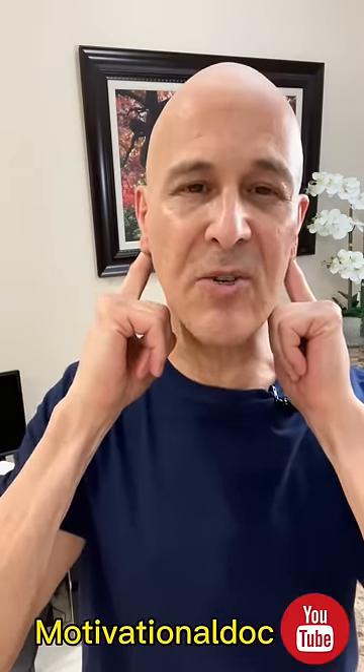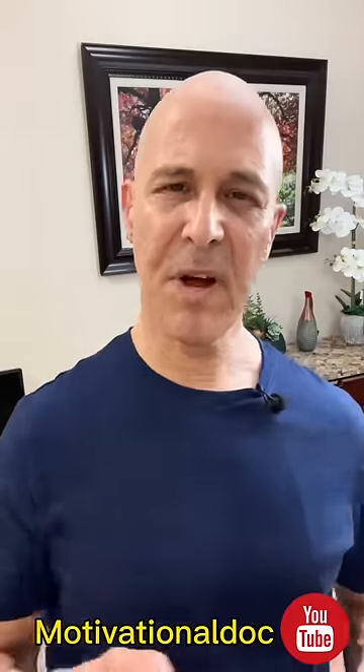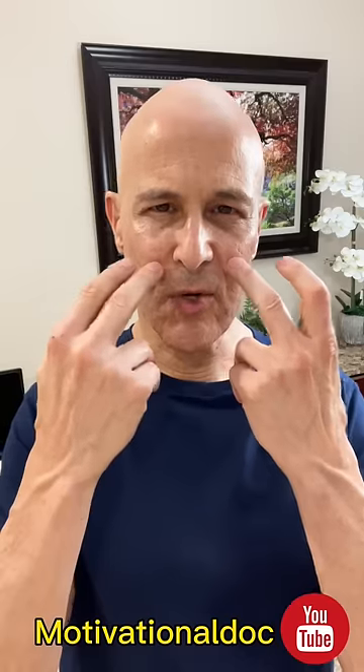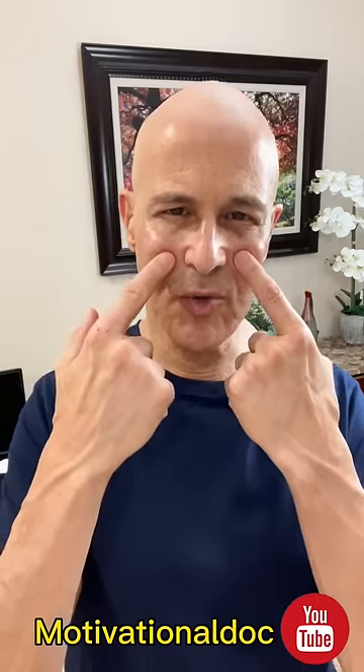Just slide your fingers down. You'll feel like you're going right to the TMJ area. And by doing this, you're going to open up those Eustachian tubes and allow them to drain. Do this for about a minute. You'll start to feel your nasal passages open up, your sinuses start to open up, as well as your Eustachian tubes. I hope it helps.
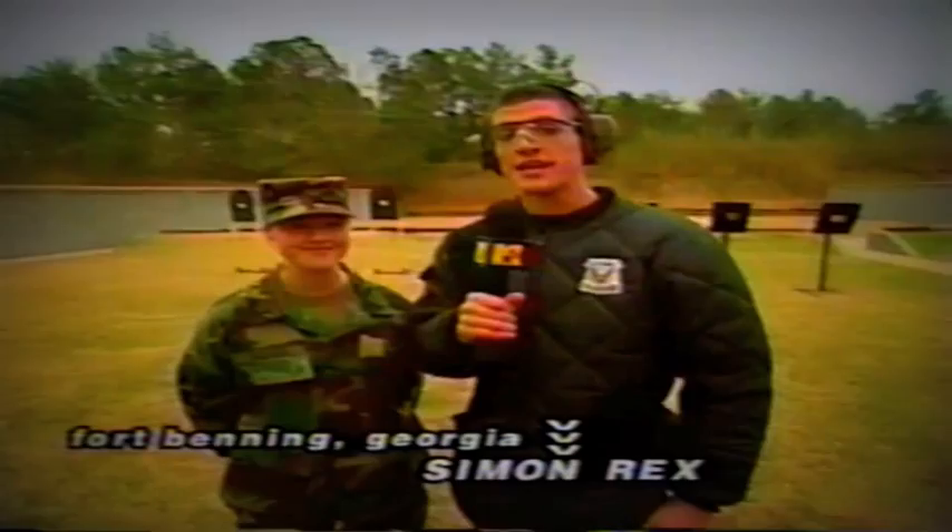Hey, how are you doing everyone? Simon Rex here, hanging out at the firing range at Fort Benning, Georgia. That's why I'm dressed like such a weirdo here.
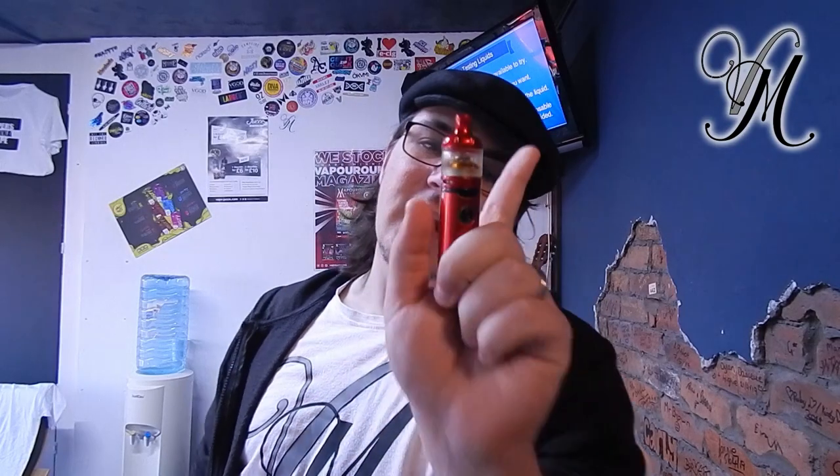The LED indicator is purple from 100% to 70%, blue from 70% to 30%, and red at 30% or less. For all the other LED indications, go to EasyClick and find out.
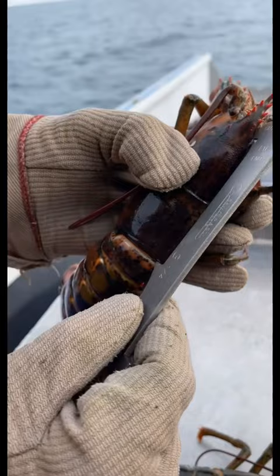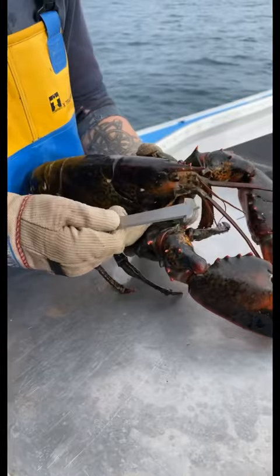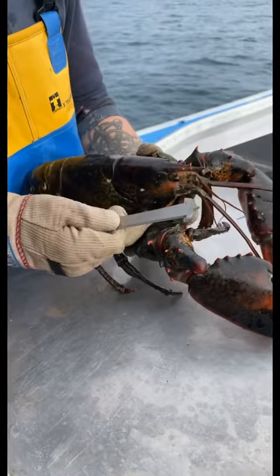Same thing with this one — put it over the eye socket, and if it goes up on the shell that means it's big enough, we can keep it. Then you flip it over to see if it's oversized. Put it in the eye socket, and if it reaches the maximum it can be, that one's too big.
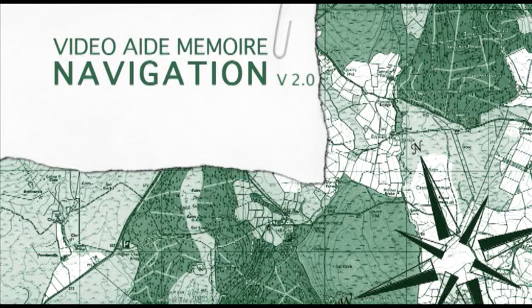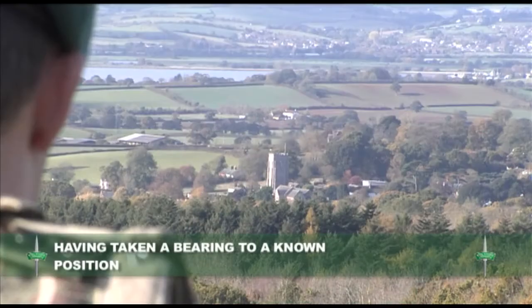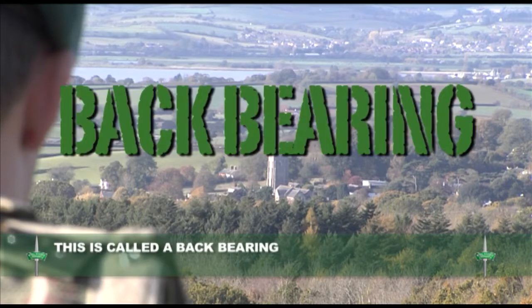In this training aid, we will look at how to convert a bearing into a back bearing. Having taken a bearing to a known position, you may need to convert that bearing back to your unknown position. This is called a back bearing.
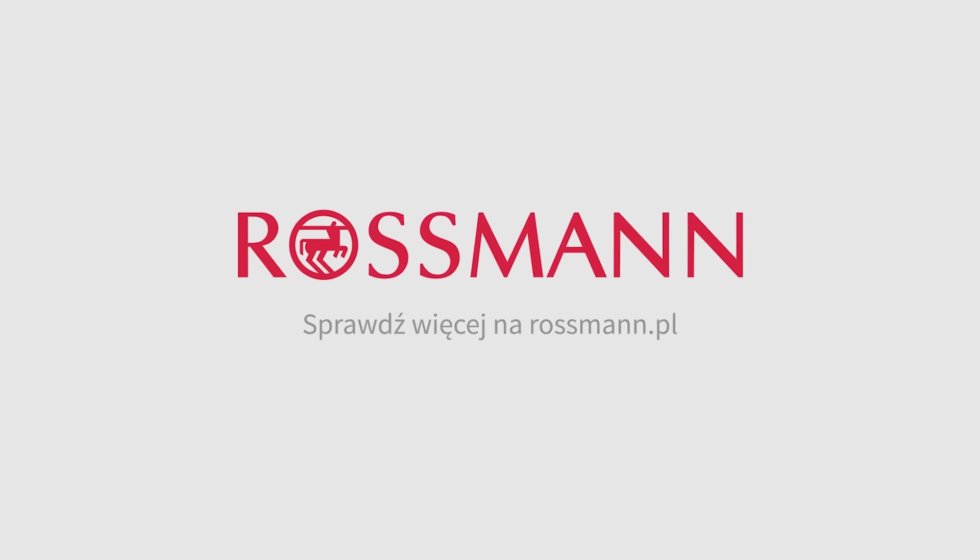Dajcie mi znać, co o nich myślicie, a my widzimy się już niedługo. Hej! Dziękuję za oglądanie!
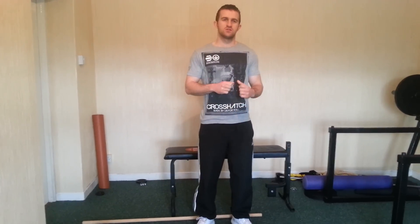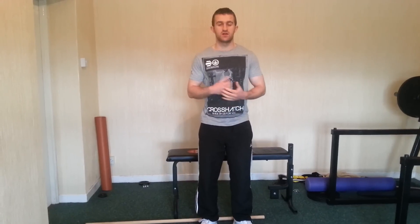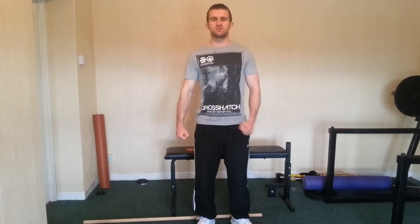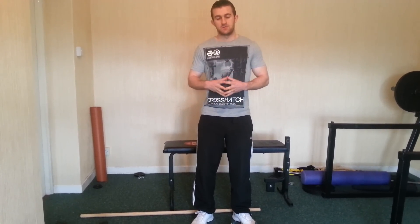Alright guys, so this time in this video we're just going to talk about one arm lat row. It's a great exercise for the lat here at the side of the back and just the back of the shoulder. But it's one exercise I haven't really done in class in a long time. You really can only do it in personal training sometimes because in class it can be just an absolute horror show — people are doing it all over the shop.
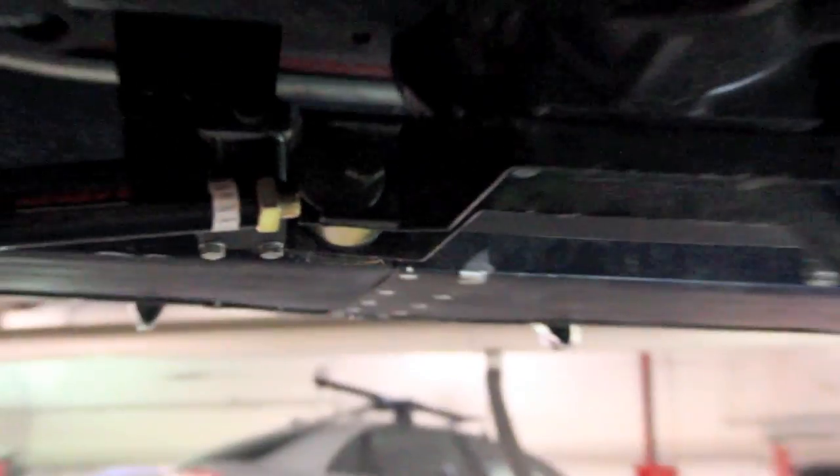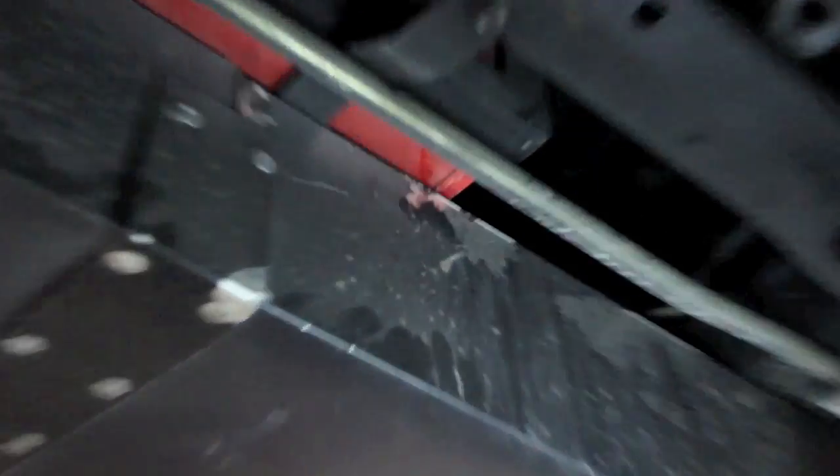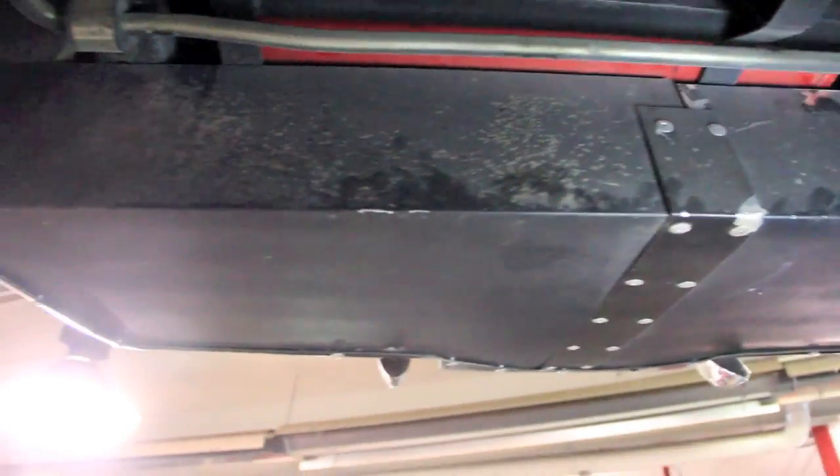And a rebuilt rear differential. Just having a fuel cell in the car, up at the top — before we get that from the above view, we'll bring it down off the lift and take a look at it from the top.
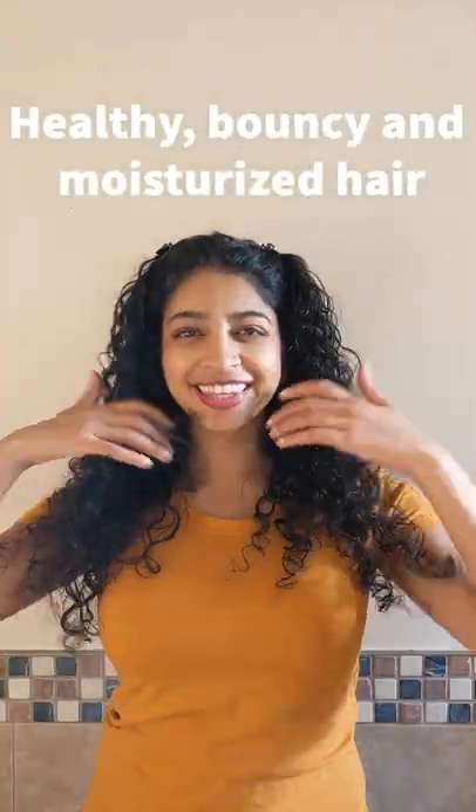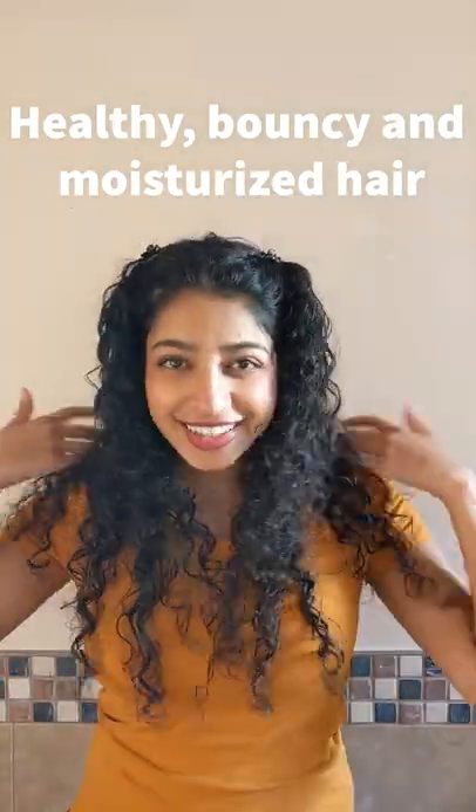Now it's ready to go into your hair. I start by massaging it into my roots, then take some of the oil on my hands and run it down the length of my hair. Once it's in, I put it up under a shower cap and let it sit for 30 to 35 minutes before washing it out for healthy, bouncy, and moisturized hair.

Work order: Repeat the entries exactly and keep the pictures out of the copy.

Solution to this exercise:
Just slide your fingers down. You'll feel like you're going right to the TMJ area. And by doing this, you're going to open up those Eustachian tubes and allow them to drain. Do this for about a minute. You'll start to feel your nasal passages open up, your sinuses start to open up, as well as your Eustachian tubes. I hope it helps.
Hey, how are you doing everyone? Simon Rex here, hanging out at the firing range at Fort Benning, Georgia. That's why I'm dressed like such a weirdo here.
The LED indicator is purple from 100% to 70%, blue from 70% to 30%, and red at 30% or less. For all the other LED indications, go to EasyClick and find out.
Same thing with this one — put it over the eye socket, and if it goes up on the shell that means it's big enough, we can keep it. Then you flip it over to see if it's oversized. Put it in the eye socket, and if it reaches the maximum it can be, that one's too big.
In this training aid, we will look at how to convert a bearing into a back bearing. Having taken a bearing to a known position, you may need to convert that bearing back to your unknown position. This is called a back bearing.
Dajcie mi znać, co o nich myślicie, a my widzimy się już niedługo. Hej! Dziękuję za oglądanie!
Alright guys, so this time in this video we're just going to talk about one arm lat row. It's a great exercise for the lat here at the side of the back and just the back of the shoulder. But it's one exercise I haven't really done in class in a long time. You really can only do it in personal training sometimes because in class it can be just an absolute horror show — people are doing it all over the shop.
And a rebuilt rear differential. Just having a fuel cell in the car, up at the top — before we get that from the above view, we'll bring it down off the lift and take a look at it from the top.
Now it's ready to go into your hair. I start by massaging it into my roots, then take some of the oil on my hands and run it down the length of my hair. Once it's in, I put it up under a shower cap and let it sit for 30 to 35 minutes before washing it out for healthy, bouncy, and moisturized hair.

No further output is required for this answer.